● Your goal
Keep the pictures out while you transcribe the listing below exactly.

● Material provided
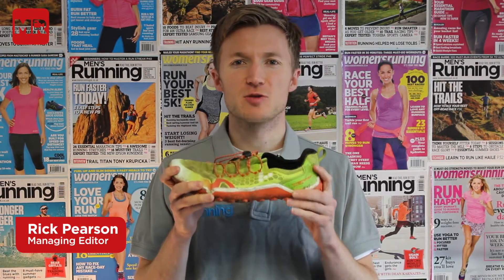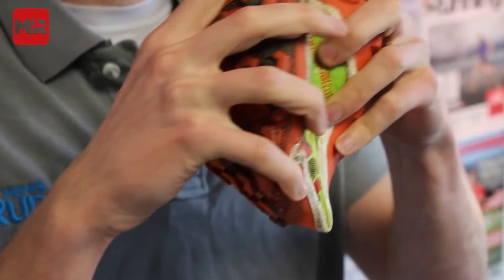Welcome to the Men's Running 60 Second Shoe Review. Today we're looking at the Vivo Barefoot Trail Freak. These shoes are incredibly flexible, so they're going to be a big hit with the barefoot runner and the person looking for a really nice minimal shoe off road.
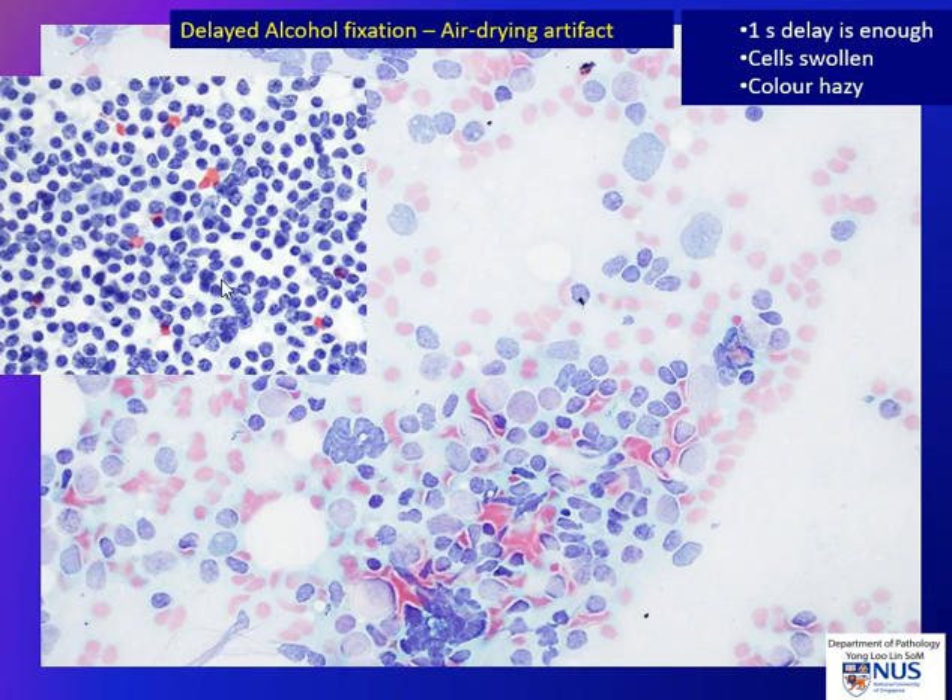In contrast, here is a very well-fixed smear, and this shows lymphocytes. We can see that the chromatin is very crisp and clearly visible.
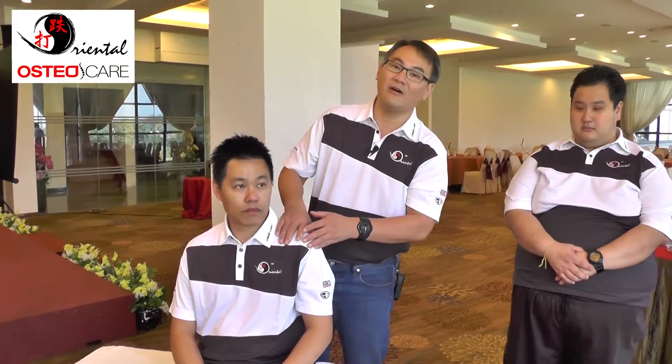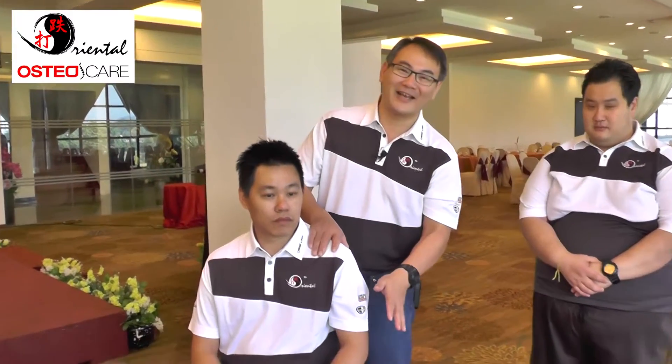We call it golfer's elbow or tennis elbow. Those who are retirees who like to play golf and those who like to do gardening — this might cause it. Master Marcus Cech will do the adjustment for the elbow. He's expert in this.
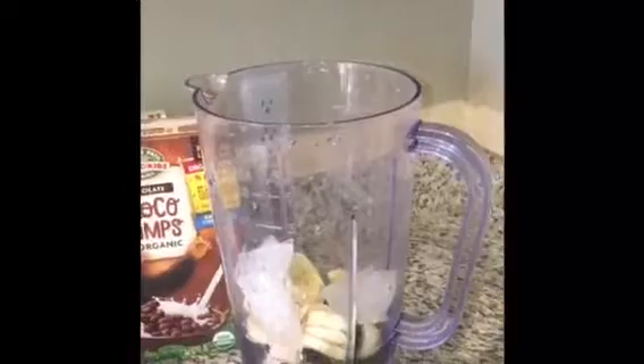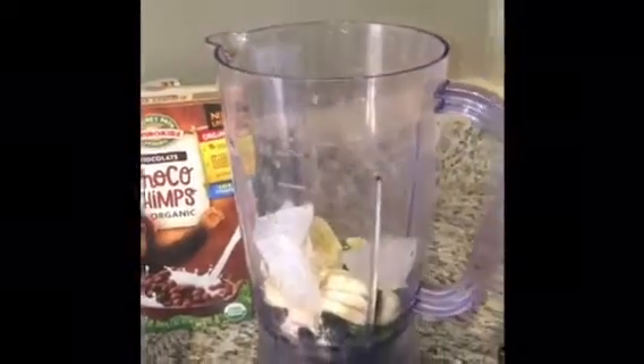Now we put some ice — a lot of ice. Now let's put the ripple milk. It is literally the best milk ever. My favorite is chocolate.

● Task output
Welcome to the Men's Running 60 Second Shoe Review. Today we're looking at the Vivo Barefoot Trail Freak. These shoes are incredibly flexible, so they're going to be a big hit with the barefoot runner and the person looking for a really nice minimal shoe off road.
In contrast, here is a very well-fixed smear, and this shows lymphocytes. We can see that the chromatin is very crisp and clearly visible.
We call it golfer's elbow or tennis elbow. Those who are retirees who like to play golf and those who like to do gardening — this might cause it. Master Marcus Cech will do the adjustment for the elbow. He's expert in this.
Now we put some ice — a lot of ice. Now let's put the ripple milk. It is literally the best milk ever. My favorite is chocolate.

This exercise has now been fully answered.